Quem é do meio das maratonas, sabe o perrengue que é conseguir uma vaga. Tem uma loteria, que é mais difícil conseguir uma vaga do que acertar a Mega-Sena. Tem a possibilidade das agências de viagem, que sempre tem fila de espera. E tem a possibilidade de conseguir uma vaga pelas charities, onde você tem que juntar uma quantia determinada para doação por uma boa causa. Nada fácil. Especialmente em dezembro, quando praticamente a maioria das vagas já foi preenchida.
Bom, mas para quem deseja algo do fundo do coração , sempre terá um caminho. Me candidatei em todas as instituições listadas no site e, ainda escrevi para amigos perguntando por onde eles tinham corrido.
Em janeiro, meus esforços e desejos foram atendidos! A Action for Pre Eclampsia tinha uma vaga pra mim!!
Depois de oficialmente inscrita, vinha o longo caminho. Eu tinha 4 meses pra juntar 2.000 libras. Mas, eu ia dar um jeito.
Os treinos começaram, as expectativas aumentavam a cada dia que chegava próximo do 26 de abril. Cada km que eu corria aqui pela beira do rio, eu imaginava onde estaria passando por Londres. Quando vinha a canseira dos treinos longos, eu tinha um filme que vinha nos meus pensamentos, era da curva ao lado do Buckingham Palace, caindo na The Mall lotada de pessoas gritando, motivando, balançando as bandeirinhas da Union Jack, terminando na tão sonhada Finish Line.
O sonho caiu num limbo com a pandemia do Corona Virus. Veio um universo de incertezas. A maratona foi cancelada, e eu como muitas outras pessoas pelo mundo, vivemos um drama pessoal. 2020 não seria o ano que eu retornaria ao mundo das maratonas.
2021 comecou incerto. Vai acontecer ou não? Amigos fantásticos colaboraram para que eu alcançasse a meta financeira pra a APEC, a instituição de caridade que me ajudou a conseguir a vaga. Agora só faltava treinar.
As incertezas me fizeram acreditar que aquele sonho não se concretizaria. Os treinos eram inconsistentes, sem a disciplina e motivação necessárias. Até que chegou julho e a confirmação de que a corrida aconteceria. Eu precisava correr!
Um motivo pra comemorar e outro pra arrancar os cabelos. Eu ia voltar a correr uma maratona sim! Mas os treinos que deixavam a desejar poderiam atrapalhar a conquista desse sonho. Eu estava tão perto que não poderia desistir.

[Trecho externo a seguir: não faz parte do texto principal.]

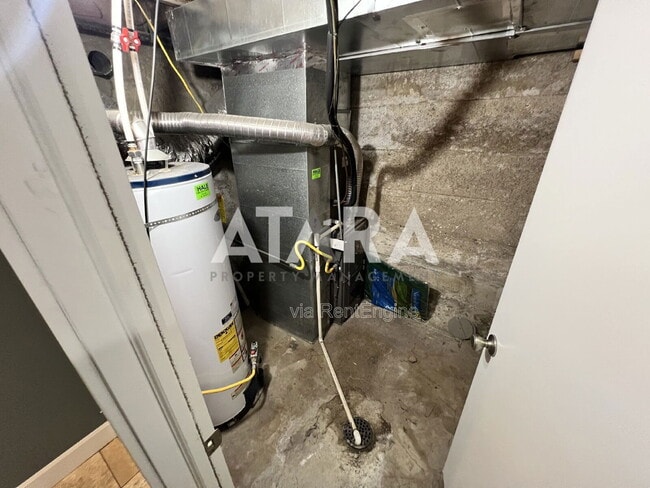 Building Photo - 2559 Wilmington Ave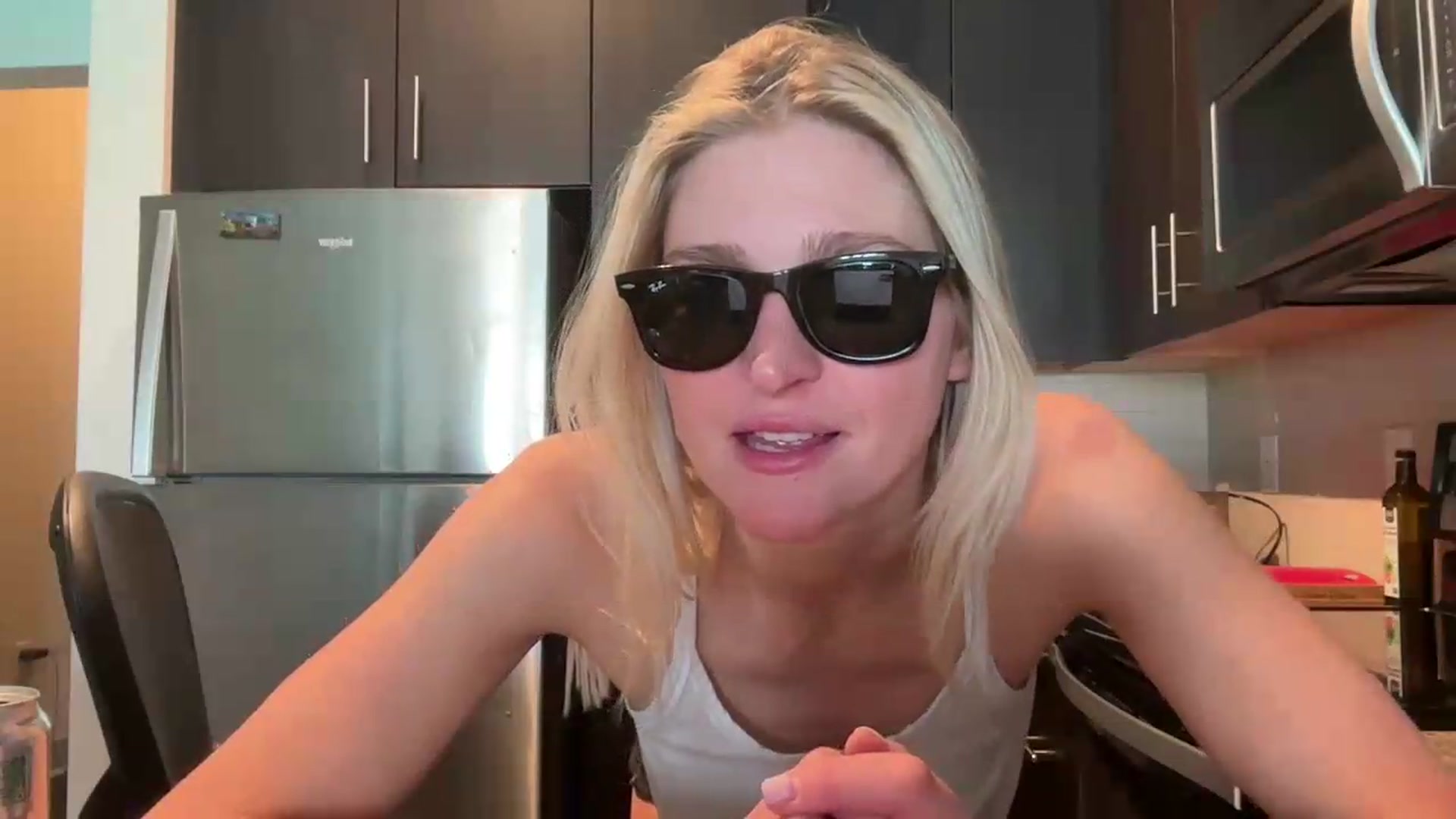 Gallery image thumbnail from Partygirl1's myfreecams stream on, 05/18/2026, 18:32 image 19 of 20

Passagens compradas, hotel reservado, testes para Covid marcados. O medo da doença nos acompanhou durante todo o tempo, mas não tinha mais volta. Estávamos vacinados e com sorte nada de mau aconteceria.
Chegou o grande dia! Eu estava tão nervosa, como se fosse minha primeira maratona. Eu estava disposta a curtir cada momento. E assim o fiz, esqueci a estratégia do treinador e fui aproveitando cada quilômetro daquela cidade que tanto gosto. Os londrinos esqueceram todas as recomendações por conta da pandemia e compareceram em peso nas ruas. Eles estavam nas calcadas, nas pontes, nos túneis. A cidade vibrando com e por nós corredores. A grande parte dos participantes com a camiseta das instituições que apoiaram. Cada um com sua história, sua trajetória, seu porquê. Sao milhares de histórias que se uniram naquelas ruas, naqueles que correram e torceram. E todos cruzamos a Finish Line naquele glorioso domingo ensolarado de outubro.
Eu fechei um ciclo que a muito queria deixar pra trás. Vivi com uma emoção sem fim o filme que eu projetava em todos meus treinos. As bandeiras, os gritos, a energia daquela cidade que renascia após a pandemia me acompanham toda vez que eu visto essa camiseta. É como vestir um em emoji, impossível não sorrir com tantas boas lembranças.